Exclusive Neural Network Representation of the Quasi-Diabatic Hamiltonians Including Conical Intersections
journal contributionposted on 27.08.2020, 11:35 by Yingyue Hong, Zhengxi Yin, Yafu Guan, Zhaojun Zhang, Bina Fu, Dong H. Zhang
We propose a numerically simple and straightforward, yet accurate and efficient neural networks-based fitting strategy to construct coupled potential energy surfaces (PESs) in a quasi-diabatic representation. The fundamental invariants are incorporated to account for the complete nuclear permutation inversion symmetry.

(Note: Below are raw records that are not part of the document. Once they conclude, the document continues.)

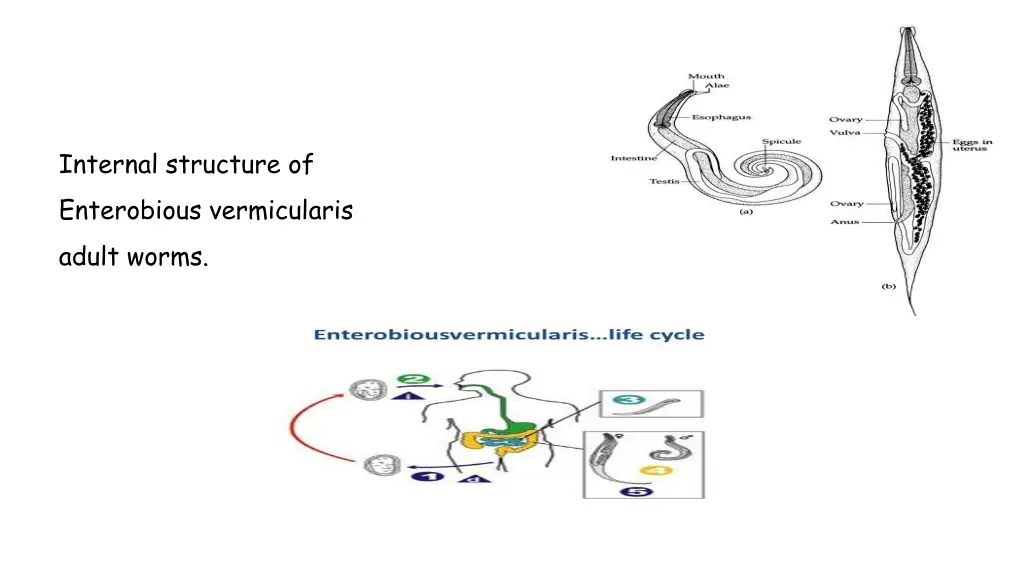internal structure of enterobious vermicularis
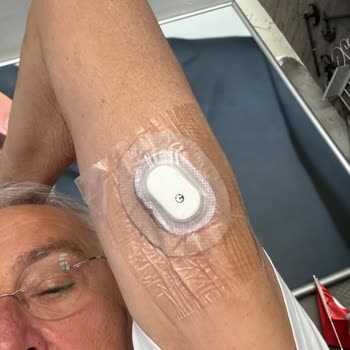 Sibionics Sensör Bandı Açıldı, Suya Dayanıklılık Sorunu Ve Sensör Değişimi Talebi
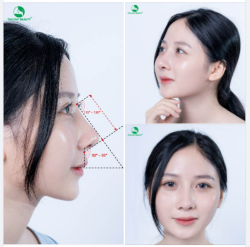 NÂNG MŨI CHUẨN Y KHOA - ĐẸP HÀI HOÀ MỌI GÓC ĐỘ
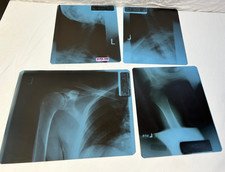 4 Real MRI M R I Film Physical Scan Image  Medical X-ray* picture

Instead of derivative couplings or interstate couplings, a so-called modified derivative coupling term is fitted by neural networks, resulting in accurate description of near degeneracy points, such as the conical intersections. The adiabatic energies, energy gradients, and derivative couplings are well reproduced, and the vanishing of derivative couplings as well as the isotropic topography of adiabatic and diabatic energies in asymptotic regions are automatically satisfied. All of these features of the coupled global PESs are requisite for accurate dynamics simulations. Our approach is expected to be very useful in developing highly accurate coupled PESs in a quasi-diabatic representation in an efficient machine learning-based way.